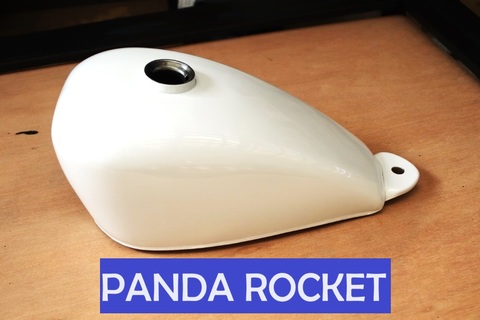 PANDA ROCKET ホワイトタンク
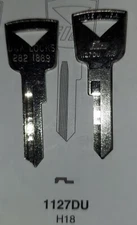 Ford, Edsel, Lincoln, Mercury  1127DU, H18 Vintage Key Blank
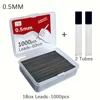 Mechanical Pencil Lead 0.5 0.7 0.9mm 2B 60mm Art Drawing Automatic Pencil Replaceable Refills with 2 Tubes Stationery 4
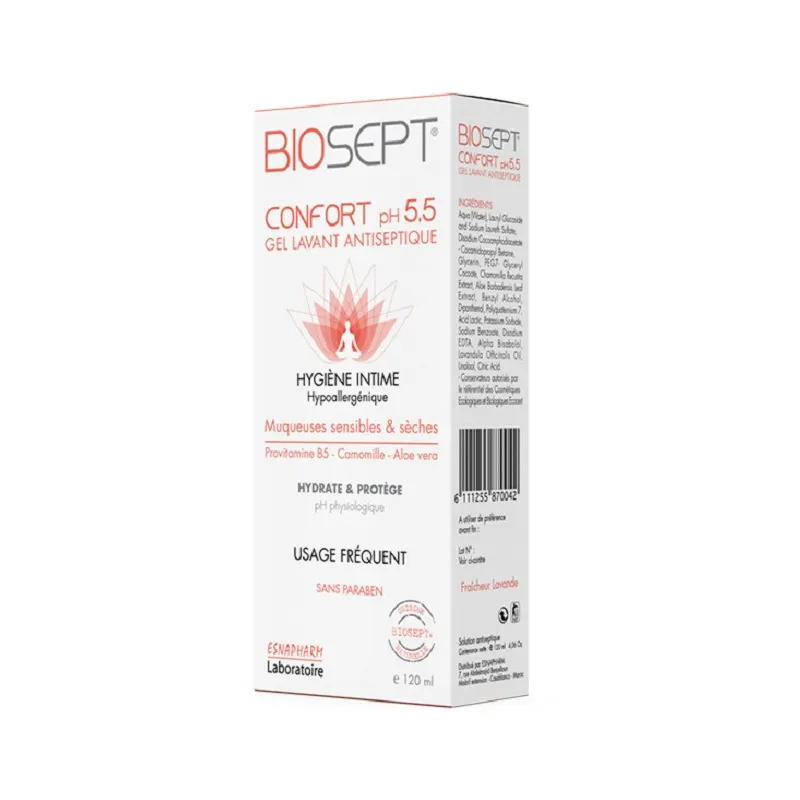 BIOSEPT 5.5 CONFORT GEL ANTISEPTIQUE 200 ML - Image 1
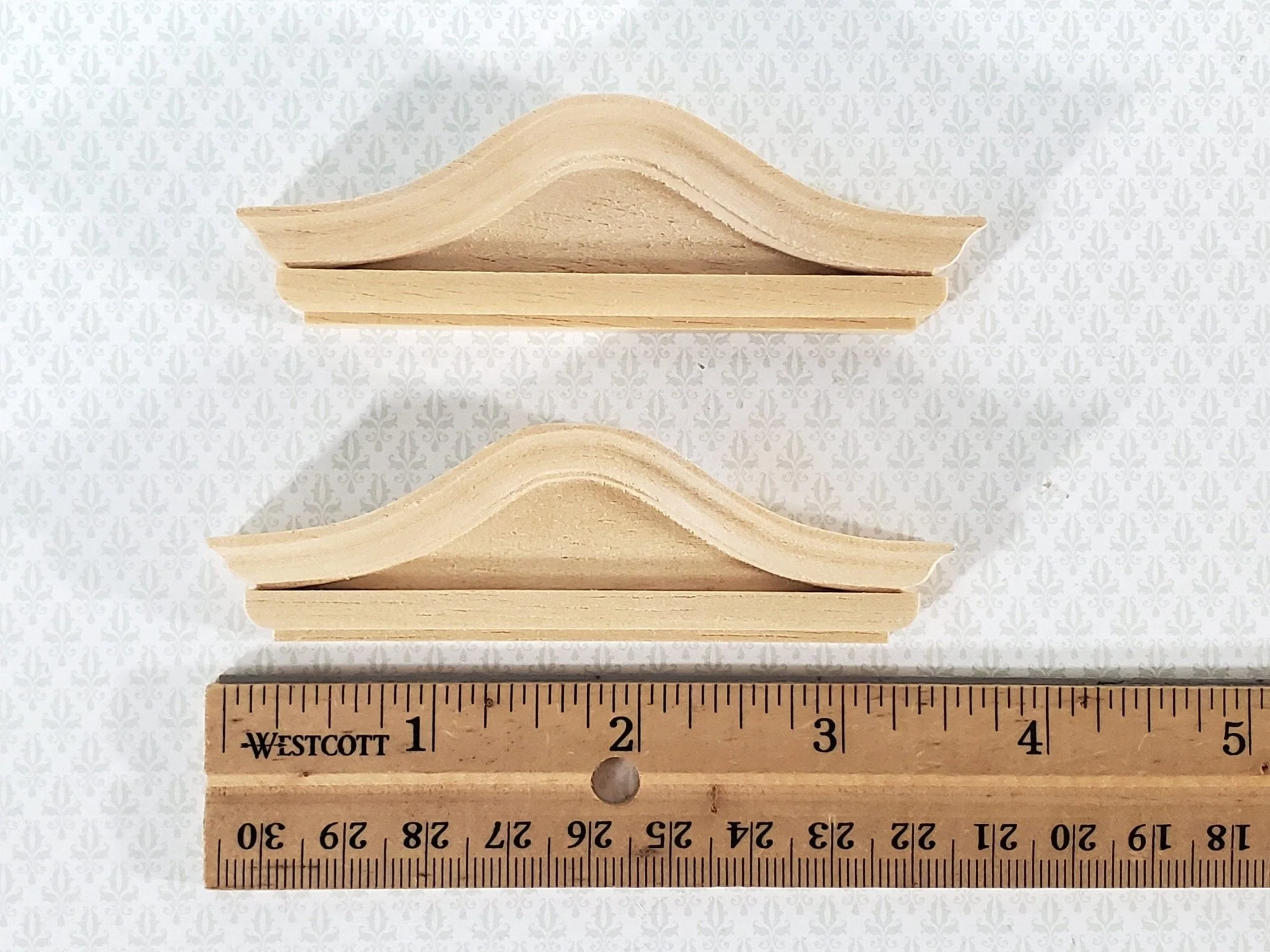 Dollhouse Miniature Window Pediment Bonnet Style Wood 1:12 Scale Houseworks #7097 - Image 3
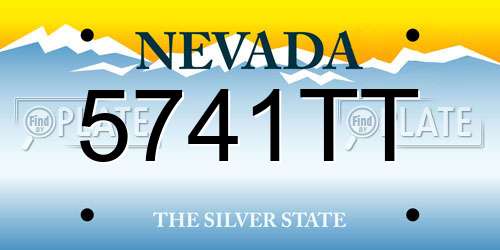 5741TT Nevada License Plate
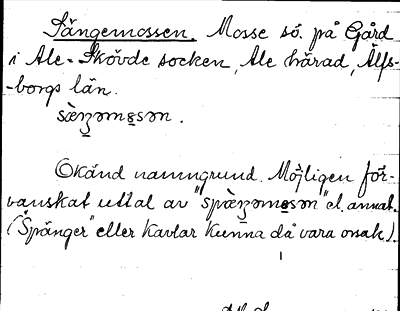 Bild på arkivkortet för arkivposten Sängemossen
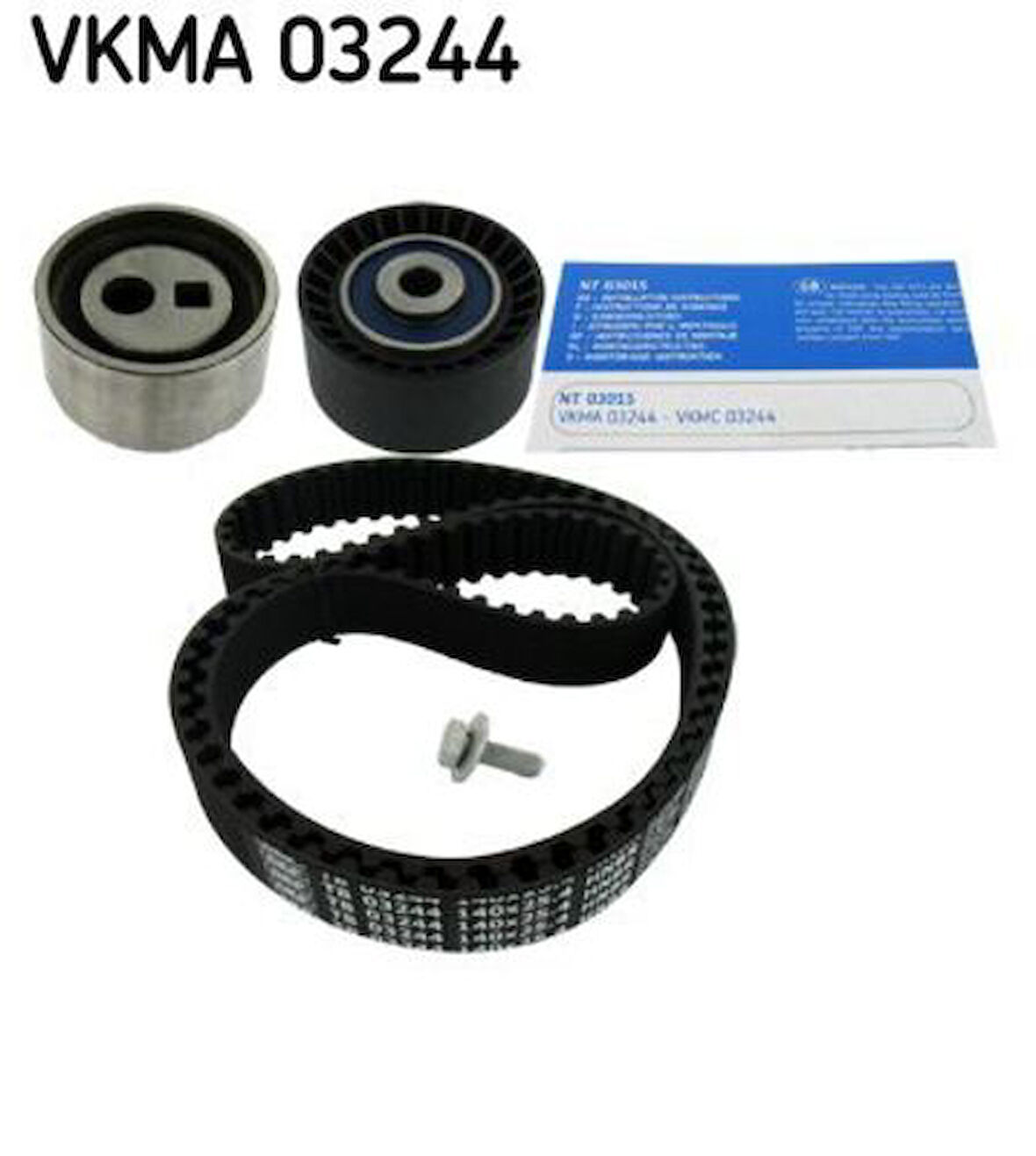 SKF VKMA03244 Eksantrik Rulman Kiti Triger Seti Partner Berlingo Jumpy II Xsara II 206 P306 Scudo II Expert DW8 DW8B 140 Diş Kayış 0831.R7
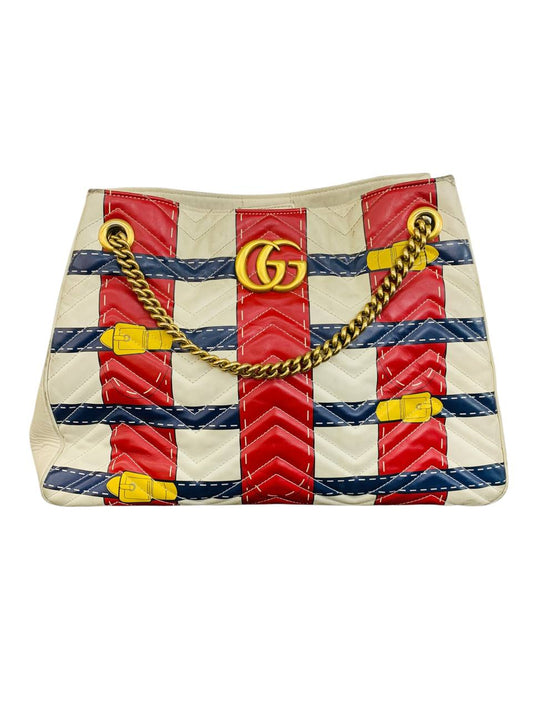 Gucci GG Trompe L'Oeil Marmont Flap Bag
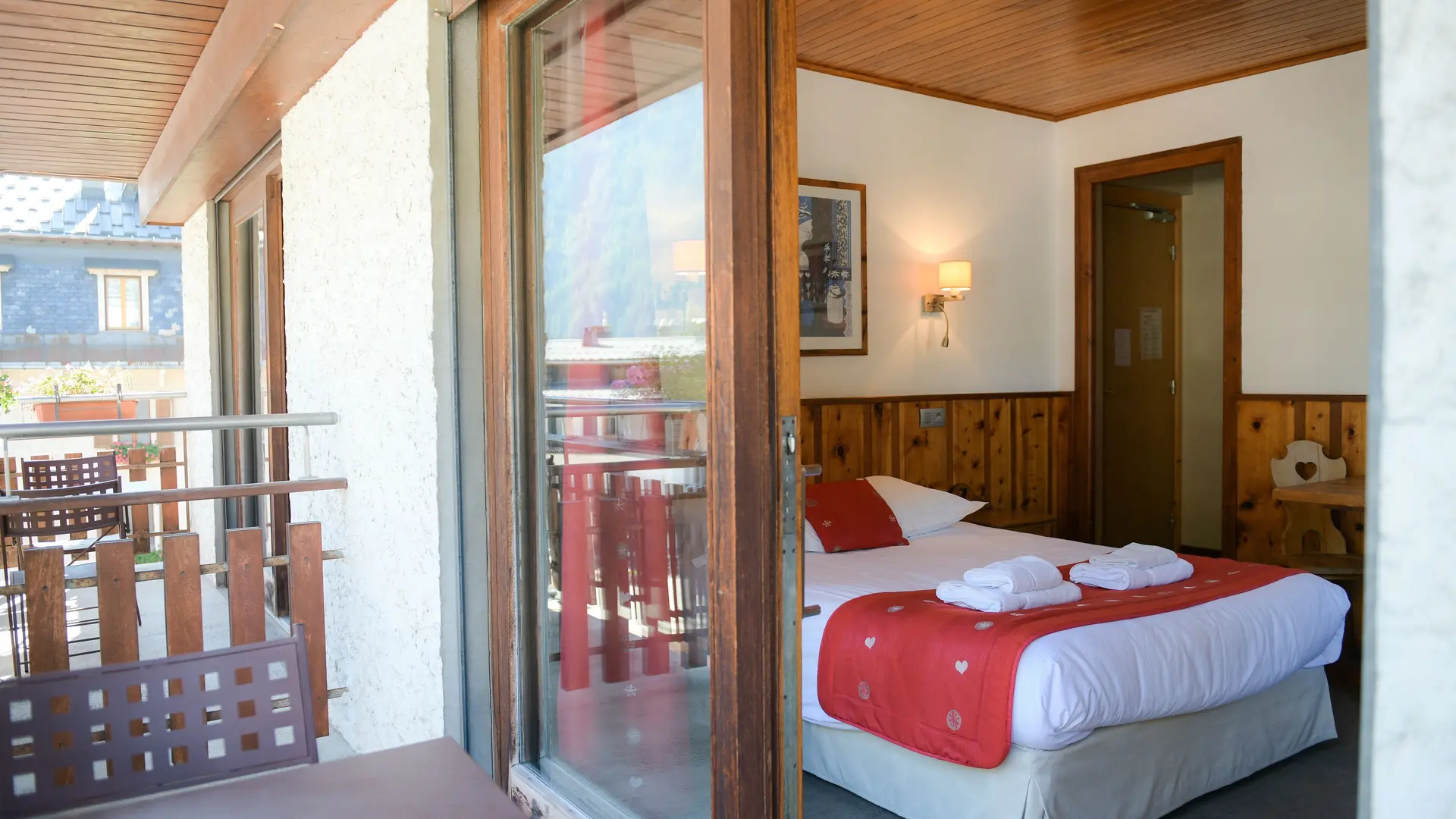 Chambre Confort double Vue montagne
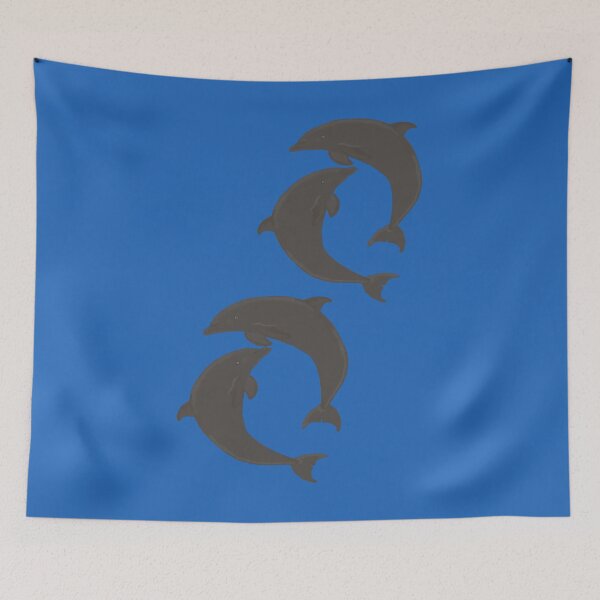 Item preview, Dolphin Ocean Blue Repeating Pattern designed and sold by IammeemmaI.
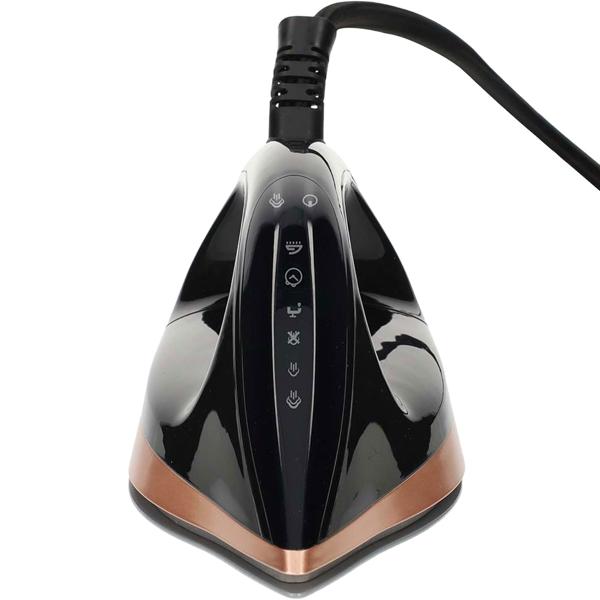 Leistungsstarke Dampfbügelstation, 7 Bar, 2400W, schwarz – Keramik Bügelsohle, Anti-Kalk, Selbstreinigung, schnelles & effektives Bügeln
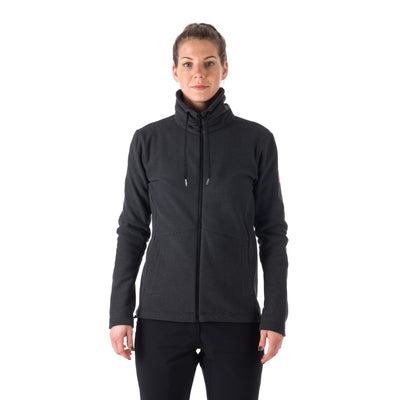MI-4776OR women's outdoor fleece sweater melange style BETHANY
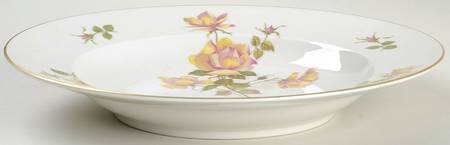 Charlene (Aida, White) Large Rim Soup Bowl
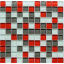 Стеклянная мозаика Керамик Полесье Crystal Red Grey 300х300х6 мм Тернополь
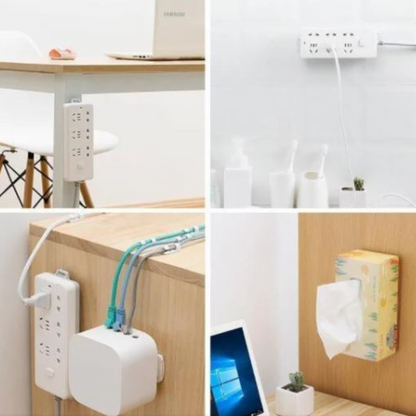 GlideHold® StripHolder: Multifunksjonell Selvklebende Strimmelholder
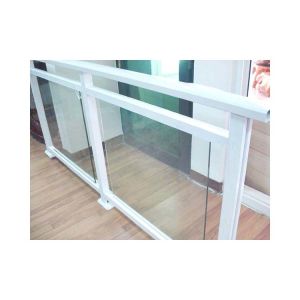 Buy cheap Metal Building Balcony Railing Tempered Double Glazed Aluminium Iron Baluster from wholesalers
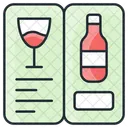 Carta De Vinos Icono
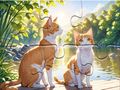 თამაში Jigsaw Puzzle: კატები წყვილებში  ონლაინ
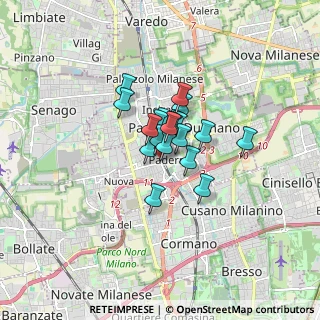 Mappa Via Roma, 20037 Paderno Dugnano MI, Italia (0.884)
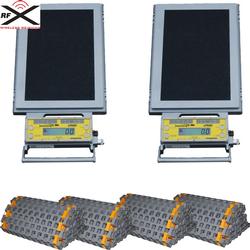 Intercomp 182019-RFX LP600-10T Wireless Solar Wheel Load Scale Set Legal for Trade 40000 x 50 lb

━━━━

Task directions → Word for word, give the data above again, without any images.

Written solution →
 PANDA ROCKET ホワイトタンク
 Ford, Edsel, Lincoln, Mercury  1127DU, H18 Vintage Key Blank
 Mechanical Pencil Lead 0.5 0.7 0.9mm 2B 60mm Art Drawing Automatic Pencil Replaceable Refills with 2 Tubes Stationery 4
 BIOSEPT 5.5 CONFORT GEL ANTISEPTIQUE 200 ML - Image 1
 Dollhouse Miniature Window Pediment Bonnet Style Wood 1:12 Scale Houseworks #7097 - Image 3
 5741TT Nevada License Plate
 Bild på arkivkortet för arkivposten Sängemossen
 SKF VKMA03244 Eksantrik Rulman Kiti Triger Seti Partner Berlingo Jumpy II Xsara II 206 P306 Scudo II Expert DW8 DW8B 140 Diş Kayış 0831.R7
 Gucci GG Trompe L'Oeil Marmont Flap Bag
 Chambre Confort double Vue montagne
 Item preview, Dolphin Ocean Blue Repeating Pattern designed and sold by IammeemmaI.
 Leistungsstarke Dampfbügelstation, 7 Bar, 2400W, schwarz – Keramik Bügelsohle, Anti-Kalk, Selbstreinigung, schnelles & effektives Bügeln
MI-4776OR women's outdoor fleece sweater melange style BETHANY
 Charlene (Aida, White) Large Rim Soup Bowl
 Стеклянная мозаика Керамик Полесье Crystal Red Grey 300х300х6 мм Тернополь
 GlideHold® StripHolder: Multifunksjonell Selvklebende Strimmelholder
 Buy cheap Metal Building Balcony Railing Tempered Double Glazed Aluminium Iron Baluster from wholesalers
 Carta De Vinos Icono
 თამაში Jigsaw Puzzle: კატები წყვილებში  ონლაინ
 Mappa Via Roma, 20037 Paderno Dugnano MI, Italia (0.884)
 Intercomp 182019-RFX LP600-10T Wireless Solar Wheel Load Scale Set Legal for Trade 40000 x 50 lb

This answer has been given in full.